## THE TASK:
The task calls for the lines below from the line with "Hello, and welcome" to the line with "This is a brand", both ends included, copied exactly, without any pictures.

## RECORDS FOR THIS TASK:
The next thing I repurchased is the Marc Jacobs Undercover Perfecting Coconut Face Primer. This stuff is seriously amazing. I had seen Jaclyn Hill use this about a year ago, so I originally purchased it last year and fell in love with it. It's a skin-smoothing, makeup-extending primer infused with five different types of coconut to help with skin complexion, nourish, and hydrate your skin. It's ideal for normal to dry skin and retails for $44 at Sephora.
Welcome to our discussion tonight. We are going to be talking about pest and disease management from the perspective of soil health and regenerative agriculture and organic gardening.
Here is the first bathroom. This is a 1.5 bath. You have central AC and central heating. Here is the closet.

--

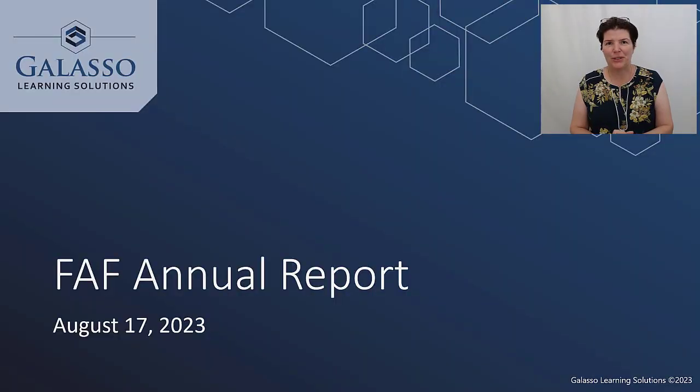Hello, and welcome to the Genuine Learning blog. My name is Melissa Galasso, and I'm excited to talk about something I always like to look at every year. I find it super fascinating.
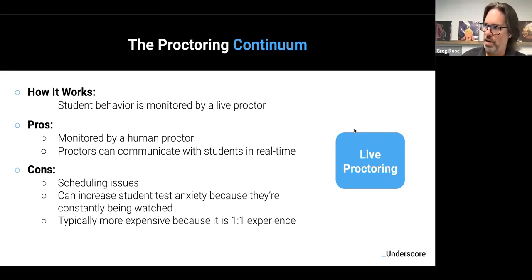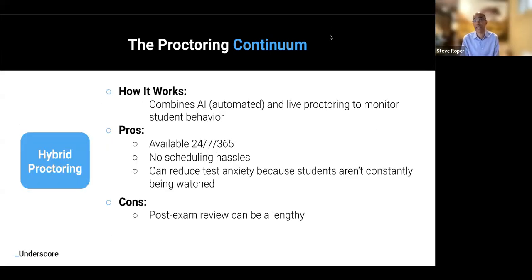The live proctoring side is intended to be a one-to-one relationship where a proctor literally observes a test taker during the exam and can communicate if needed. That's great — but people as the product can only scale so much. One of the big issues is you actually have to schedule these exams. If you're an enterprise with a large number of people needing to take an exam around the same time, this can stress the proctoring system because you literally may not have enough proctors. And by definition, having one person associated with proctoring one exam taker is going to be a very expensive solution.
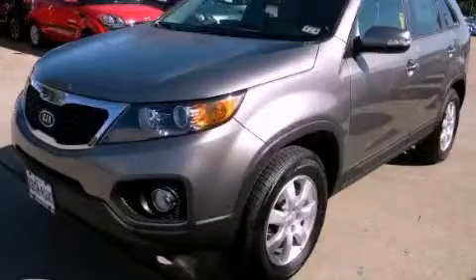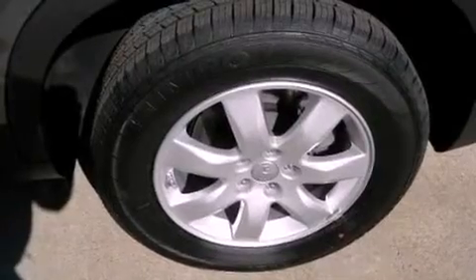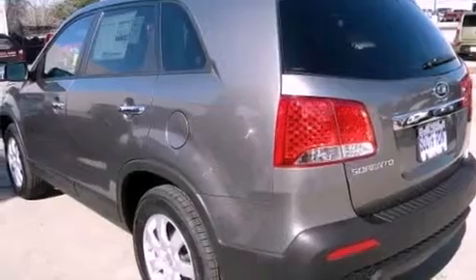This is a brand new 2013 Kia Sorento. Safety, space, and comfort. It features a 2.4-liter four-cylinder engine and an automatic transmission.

* * *

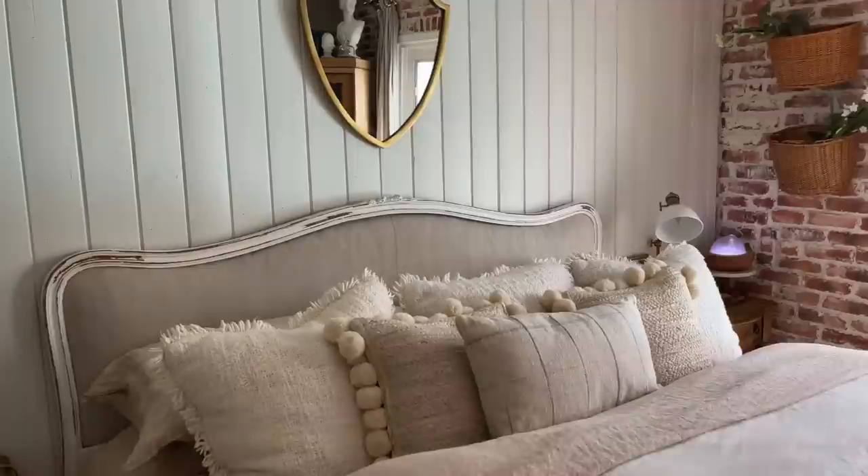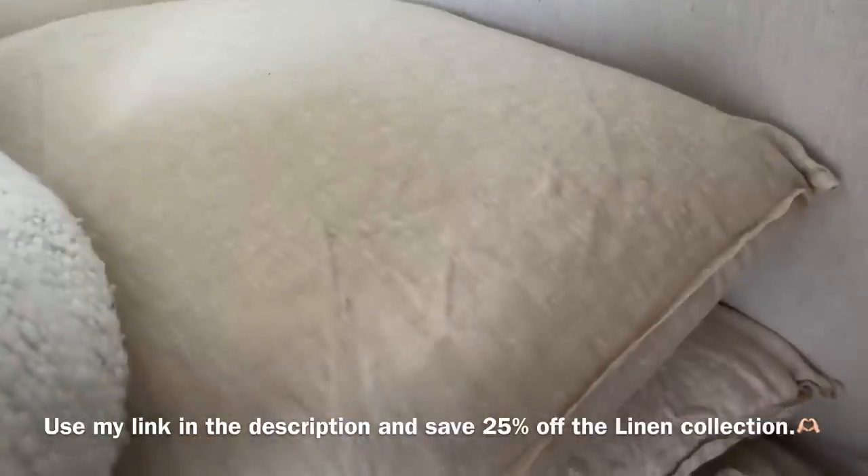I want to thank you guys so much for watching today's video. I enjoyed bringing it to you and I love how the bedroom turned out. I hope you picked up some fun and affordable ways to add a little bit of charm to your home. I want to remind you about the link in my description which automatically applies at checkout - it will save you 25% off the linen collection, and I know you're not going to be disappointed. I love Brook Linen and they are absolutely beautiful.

## EXPECTED OUTPUT:
Hello, and welcome to the Genuine Learning blog. My name is Melissa Galasso, and I'm excited to talk about something I always like to look at every year. I find it super fascinating.
The live proctoring side is intended to be a one-to-one relationship where a proctor literally observes a test taker during the exam and can communicate if needed. That's great — but people as the product can only scale so much. One of the big issues is you actually have to schedule these exams. If you're an enterprise with a large number of people needing to take an exam around the same time, this can stress the proctoring system because you literally may not have enough proctors. And by definition, having one person associated with proctoring one exam taker is going to be a very expensive solution.
This is a brand new 2013 Kia Sorento. Safety, space, and comfort. It features a 2.4-liter four-cylinder engine and an automatic transmission.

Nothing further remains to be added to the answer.